Doch bevor Paulus damit beginnt, lässt er die Kolosser teilhaben an dem Inhalt seiner Gebete für sie. Die Ausdrucksweise in seinem Gebet zeigt, wo der Apostel den Grund dafür sieht, dass die Kolosser fremde Dinge in ihre Herzen gelassen hatten, die die Person des Herrn Jesus verdrängten: Sie hatten noch nicht die ganze Fülle des Christentums erkannt, und deshalb dachten sie, es würde ihnen noch etwas fehlen. Nur wer noch nicht alles hat, denkt, dass er noch mehr braucht. Sie besaßen in Christus zwar bereits alles, hatten es aber noch nicht in vollem Maß erfasst und in ihrem Leben umgesetzt. Daher war noch Platz für andere Dinge, obwohl die Person Christi und die „Erkenntnis seines Willens“ in der Lage gewesen wären sie zu „erfüllen“. Die Hervorhebungen in dem Zitat des Gebets machen das deutlich:

„Deshalb hören auch wir nicht auf, von dem Tag an, da wir es gehört haben, für euch zu beten und zu bitten, damit ihr erfüllt sein mögt mit der Erkenntnis [o.
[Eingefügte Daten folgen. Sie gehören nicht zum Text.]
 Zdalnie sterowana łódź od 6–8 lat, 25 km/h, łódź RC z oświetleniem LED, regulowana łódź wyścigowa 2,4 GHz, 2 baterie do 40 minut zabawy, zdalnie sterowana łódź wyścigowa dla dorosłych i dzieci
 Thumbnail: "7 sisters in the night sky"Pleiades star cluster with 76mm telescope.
Vollerkenntnis; griech. epignosis] seines Willens in aller Weisheit und geistlicher Einsicht, um würdig des Herrn zu wandeln zu allem Wohlgefallen, in jedem guten Werk Frucht bringend und wachsend durch die Erkenntnis Gottes, gekräftigt mit aller Kraft nach der Macht seiner Herrlichkeit, zu allem Ausharren und aller Langmut mit Freuden“ (Kol 1,9–11).
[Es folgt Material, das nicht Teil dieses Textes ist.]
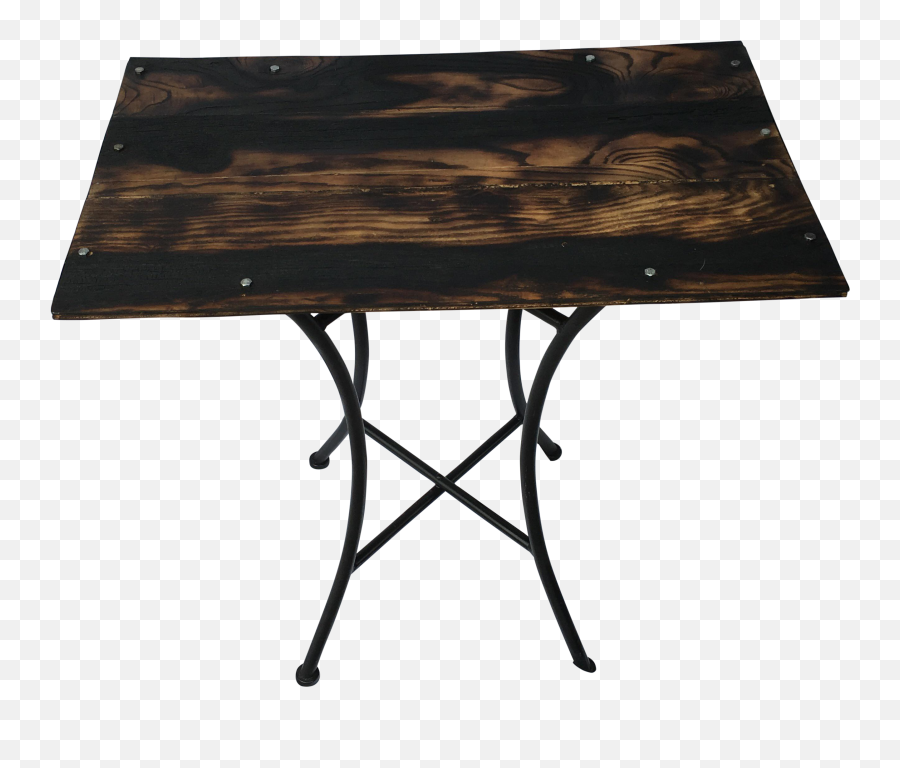 Shou Sugi Style Reclaimed Wood Ca - Solid Png,Cafe Table Png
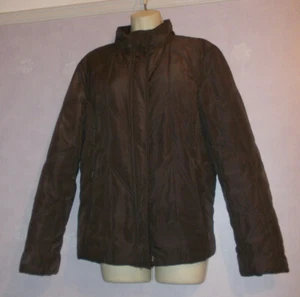 New M & Co Choc Brown quilted concealed collar hood jacket Size 14 - Picture 1 of 2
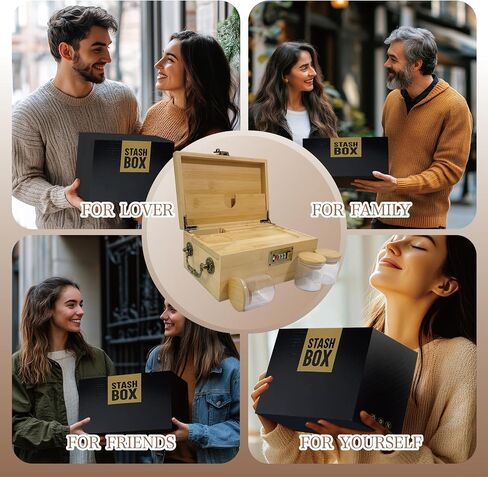 Premium Bamboo Box with Combination Lock & Handle, Home Decorative Storage Box, Large Locking Stash Box with Smell Proof Pouches, Glass Jars, Storage Bag, Tubes, Brushes as Great Gift Choice (Bamboo) in Kuwait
Es sind Anliegen, wie wir sie wohl selten für uns selbst oder unsere Geschwister vor den Herrn gebracht haben. Aber heißt das, dass wir es nicht vielmehr nötig hätten? Vielleicht stehen wir nicht in derselben Gefahr wie die Kolosser, unsere Herzen mit Philosophie und Überlieferungen zu füllen. Für uns sind es andere „Elemente der Welt“, die unsere Herzen anziehen. Wir glauben, wir bräuchten mehr als das, was wir in Christus besitzen, um glücklich zu sein. Der Grund dafür kann nur sein, dass wir noch nicht zu der vollen „Erkenntnis des Willens Gottes“ gekommen sind, dass wir noch nicht „zu allem Wohlgefallen“ würdig des Herrn unser Leben führen, dass wir noch nicht „in jedem guten Werk Frucht bringen“ und noch keinen Gebrauch gemacht haben von der Kräftigung „mit aller Kraft nach der Macht seiner Herrlichkeit“. Kurz, dass wir die Fülle, die in Christus und in einem Leben für ihn zu finden ist, noch viel zu wenig ausgeschöpft haben.
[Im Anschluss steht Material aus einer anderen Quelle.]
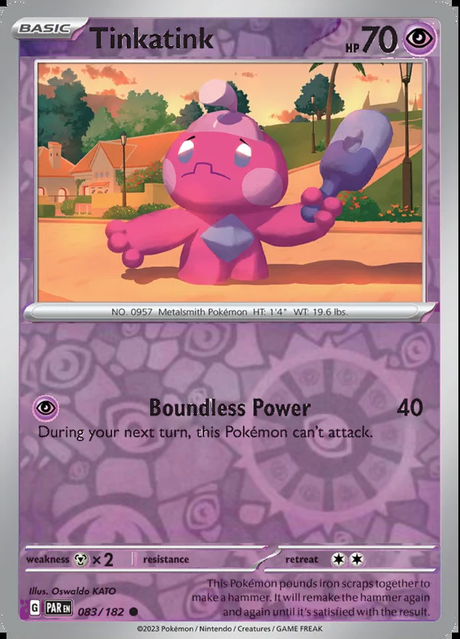 Tinkatink 083/182, Paradox Rift, Reverse Holo, representative matte composite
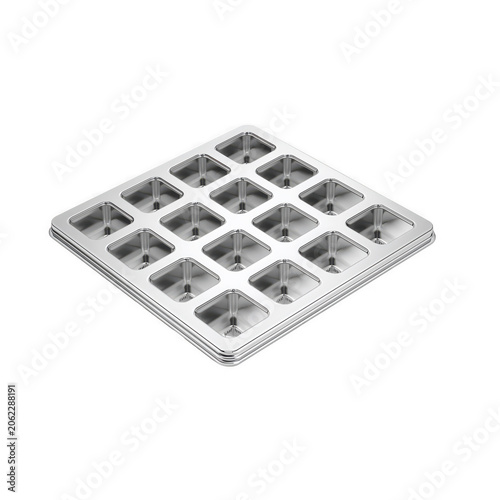 Shiny silver ice cube tray with grid pattern for beverage chilling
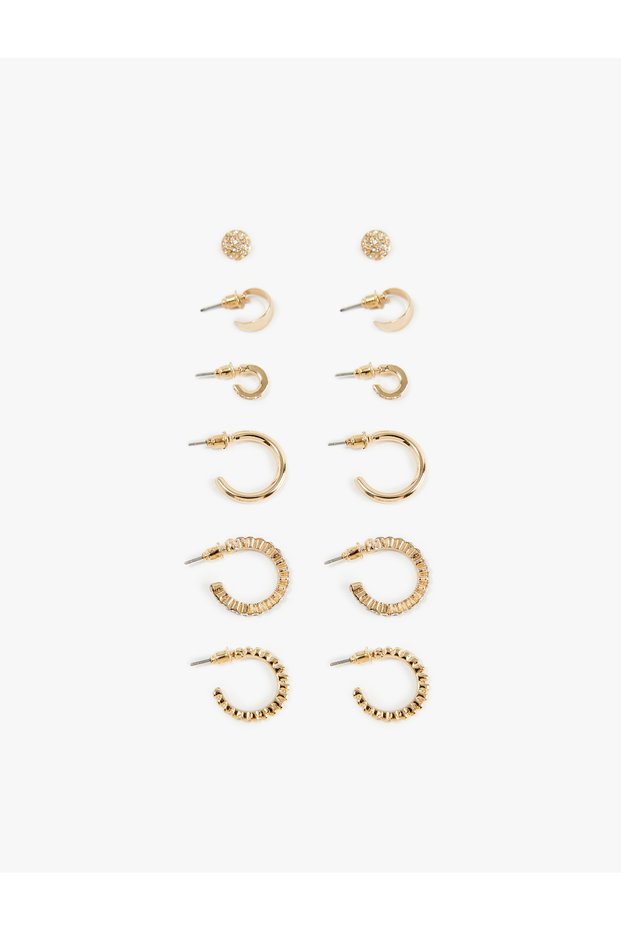 Steel Mixed Stone 6-Piece Earring Set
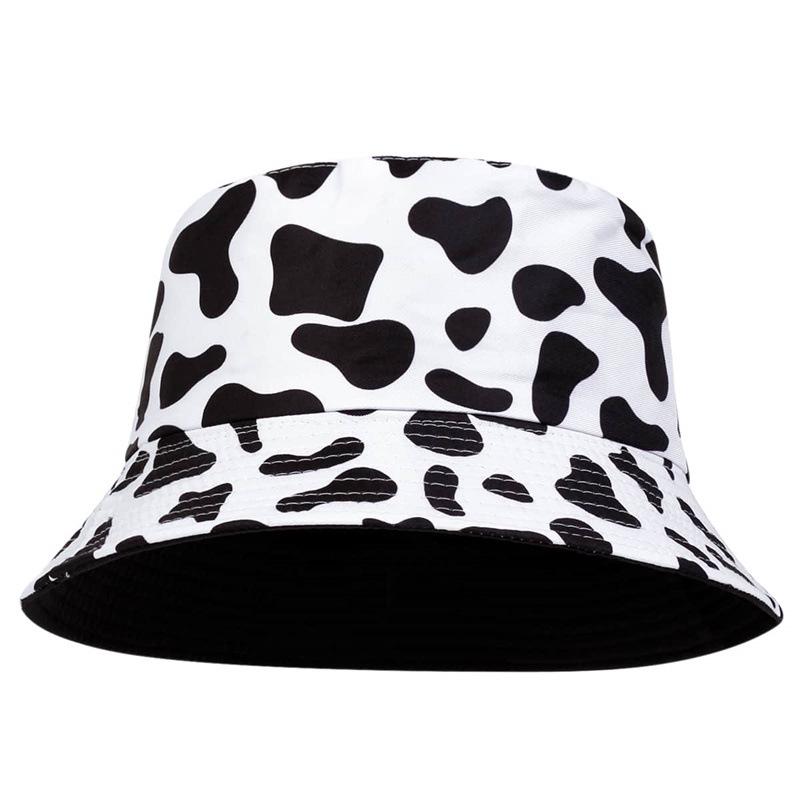 Cartoon Panda Fisherman Hat - Women's Korean Style, Double-Sided, Flat Top, Sun Protection, Casual Cow Design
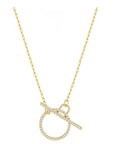 Sparkle Toggle Paperclip Necklace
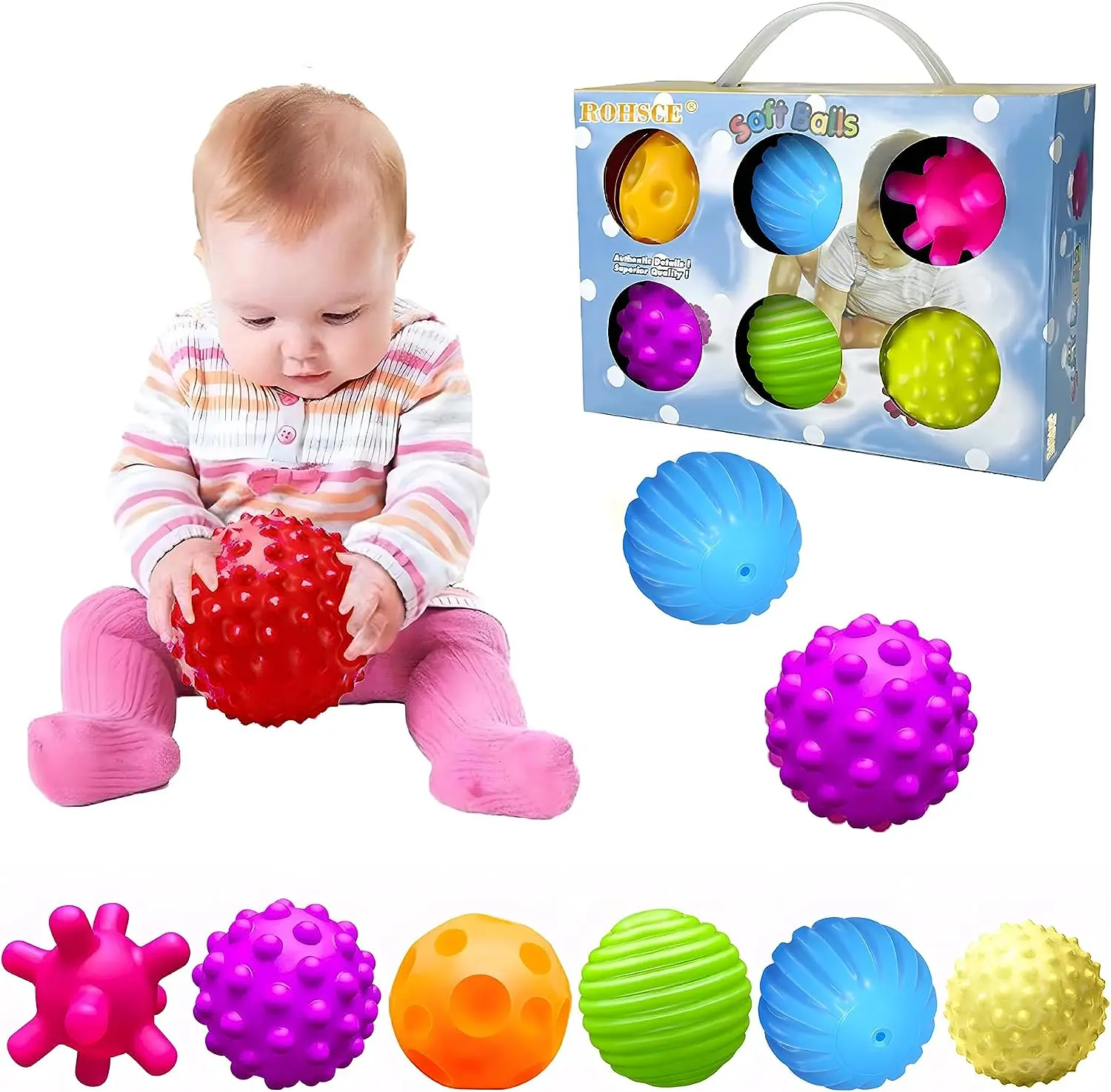 Bolas sensoriales para bebés, juguetes sensoriales para bebés de 1 a 2 años, actividad texturizada, bola multisuave, juguetes Montessori para bebés de 6 a 12 meses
Glauben wir wirklich, dass wir am Ende unseres Lebens rückblickend von einem erfüllten Leben sprechen können, wenn wir unsere ganze Zeit und Energie damit verbraucht haben, Romane zu lesen, Musik zu hören, Shoppen zu gehen, den Garten zu bearbeiten, das Auto zu waschen, berufliche Überstunden zu machen, Urlaube zu planen und durchzuführen, Sport zu machen, Essen zu gehen, Computer zu spielen, Nachrichten zu versenden, Filme anzuschauen, Ausflüge zu machen, Fachzeitschriften zu studieren, unser Aussehen zu optimieren, Fußballspiele anzuschauen oder einfach gar nichts zu machen?

Paulus selbst konnte von sich sagen: „Das Leben ist für mich Christus.“ Wegen der Vortrefflichkeit (wörtlich: des Übertreffenden) der Erkenntnis Christi Jesu, seines Herrn, achtete er alles andere für Verlust und Dreck. Ihm konnte man vorstellen, was man wollte, er verglich es mit Christus und lehnte alles ab, was sich mit ihm nicht verbinden ließ. Fehlte ihm irgendetwas, nachdem er „alles eingebüßt“ hatte, lebte er jetzt ein freudloses Leben? Nein, er bezeichnet Menschen wie sich als „Traurige, aber allezeit uns freuend; als Arme, aber viele reich machend; als nichts habend und alles besitzend“ (2. Kor 6,10). Gleichzeitig verbrauchte er Zeit und Energie vollständig im Dienst des Herrn. Er kämpfte den guten Kampf des Glaubens, lief mit Ausharren den Wettlauf, jagte dem Ziel entgegen und bewahrte, verkündigte und verteidigte das ihm anvertraute Glaubensgut.

Merken wir, dass alles in unserem Leben damit steht und fällt, ob und wie unsere Herzen erfüllt sind mit der Person Christi und mit der Erkenntnis seines Willens?